B. For XFS Filesystems:

# Check the filesystem type
sudo blkid /dev/sdb1
# Example: /dev/sdb1: UUID="xxxx" TYPE="xfs"

# Run xfs_repair on the device (e.g., /dev/sdb1)
# -L: force log zeroing (use only if repair fails without it, can lose recent data)
sudo xfs_repair /dev/sdb1

xfs_repair is designed for XFS. It first performs checks, and if it finds issues, it will attempt to repair them. If it fails, the -L option (zeroing the log) can sometimes fix issues, but it will discard any uncommitted transactions, potentially leading to loss of very recent data.

6. Re-mount and Verify

After the filesystem check completes, attempt to re-mount the partition and verify write access.

# Re-mount the partition
# If it's your root filesystem from rescue mode, you might want to reboot instead.
# For other partitions:
sudo mount /dev/sda1 /mnt/data

# Test write access
sudo touch /mnt/data/test_file.txt
sudo echo "This is a test." | sudo tee /mnt/data/test_content.txt
sudo rm /mnt/data/test_file.txt /mnt/data/test_content.txt

# Check dmesg for any new errors after re-mounting and testing
dmesg -T | tail -n 20

If you can successfully create and delete files, the repair was likely successful. If the filesystem immediately remounts read-only again, or if you still encounter errors, the corruption is severe, or the underlying hardware is failing.

7. Update `/etc/fstab` (If Necessary)

If the read-only state was not due to corruption but rather an accidental ro option in /etc/fstab, or if you replaced a disk and need to update the UUID:

# In rescue mode, mount your root partition (e.g., /dev/sda1) to a temporary location
sudo mount /dev/sda1 /mnt

# Edit the fstab file using a text editor
sudo nano /mnt/etc/fstab

Ensure the correct defaults or rw option is present, and errors=remount-ro is a good default behavior to prevent further data corruption in case of future issues. Verify UUIDs are correct using sudo blkid.

# Example /etc/fstab entry for a root filesystem
UUID=xxxxxxxx-xxxx-xxxx-xxxx-xxxxxxxxxxxx / ext4 defaults,errors=remount-ro 0 1

[!IMPORTANT] Be extremely careful when editing /etc/fstab. Incorrect entries can prevent your system from booting. Always make a backup before editing: sudo cp /mnt/etc/fstab /mnt/etc/fstab.bak.

8. Consider Hardware Replacement and Data Migration

If smartctl indicates a failing drive, or if fsck/xfs_repair repeatedly finds errors that return after reboots, the underlying disk is likely failing.
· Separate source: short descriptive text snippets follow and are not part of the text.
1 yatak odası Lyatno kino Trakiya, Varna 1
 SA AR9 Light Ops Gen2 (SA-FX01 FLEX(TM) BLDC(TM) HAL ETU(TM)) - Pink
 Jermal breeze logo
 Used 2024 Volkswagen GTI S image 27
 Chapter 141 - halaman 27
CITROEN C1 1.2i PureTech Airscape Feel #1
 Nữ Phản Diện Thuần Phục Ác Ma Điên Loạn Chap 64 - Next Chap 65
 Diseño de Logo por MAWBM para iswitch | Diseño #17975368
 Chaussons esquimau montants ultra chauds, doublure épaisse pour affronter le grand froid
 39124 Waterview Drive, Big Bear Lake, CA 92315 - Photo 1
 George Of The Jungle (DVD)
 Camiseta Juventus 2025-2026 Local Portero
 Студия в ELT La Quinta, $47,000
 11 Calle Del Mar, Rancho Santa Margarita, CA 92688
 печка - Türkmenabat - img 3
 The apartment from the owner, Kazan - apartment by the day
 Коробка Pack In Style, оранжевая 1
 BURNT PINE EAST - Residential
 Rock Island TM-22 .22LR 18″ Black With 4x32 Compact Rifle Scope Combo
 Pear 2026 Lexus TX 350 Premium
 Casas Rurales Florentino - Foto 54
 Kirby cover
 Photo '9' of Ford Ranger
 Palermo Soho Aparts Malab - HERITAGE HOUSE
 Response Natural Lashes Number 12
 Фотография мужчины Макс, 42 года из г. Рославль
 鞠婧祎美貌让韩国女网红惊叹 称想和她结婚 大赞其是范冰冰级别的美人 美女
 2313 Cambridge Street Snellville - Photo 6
Backup All Data: This is your highest priority.
Replace the Drive: Physically replace the faulty drive.
Data Migration: Restore your backup to the new drive or use tools like dd or rsync to clone/migrate data from the old (if still accessible) to the new drive.
Reinstall OS: In severe cases, a fresh OS install on the new drive might be the most reliable path, followed by restoring application data.

By following these steps methodically, you can diagnose and resolve most Linux read-only filesystem errors, restoring system stability and data integrity.